Problem to work on:
Where a picture shows up in the listing below, omit it and output the rest exactly.

Collected material:
***

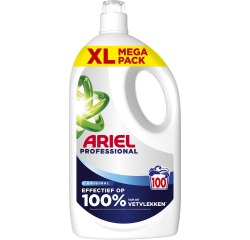 Ariel Pro lessive liquide, Regular, bouteille de 4,5 l, 100 doses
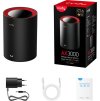 Cudy M3000 Wi-Fi 6 Mesh System, AX3000, 1 pack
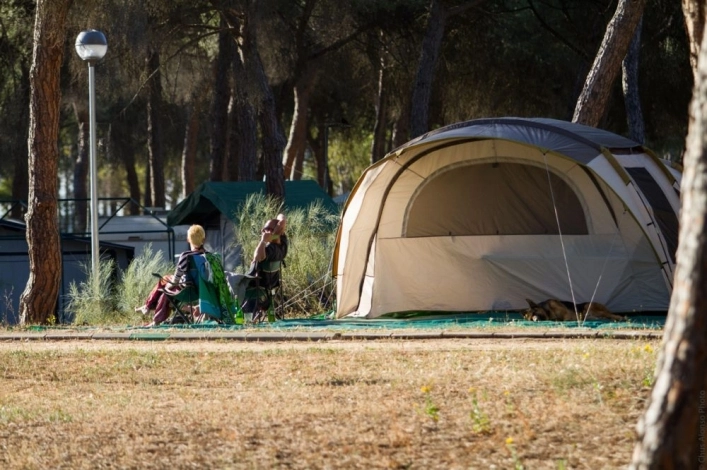 Camping Giralda Isla Cristina - zdjęcie 1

***

Answer area:
 Ariel Pro lessive liquide, Regular, bouteille de 4,5 l, 100 doses
 Cudy M3000 Wi-Fi 6 Mesh System, AX3000, 1 pack
 Camping Giralda Isla Cristina - zdjęcie 1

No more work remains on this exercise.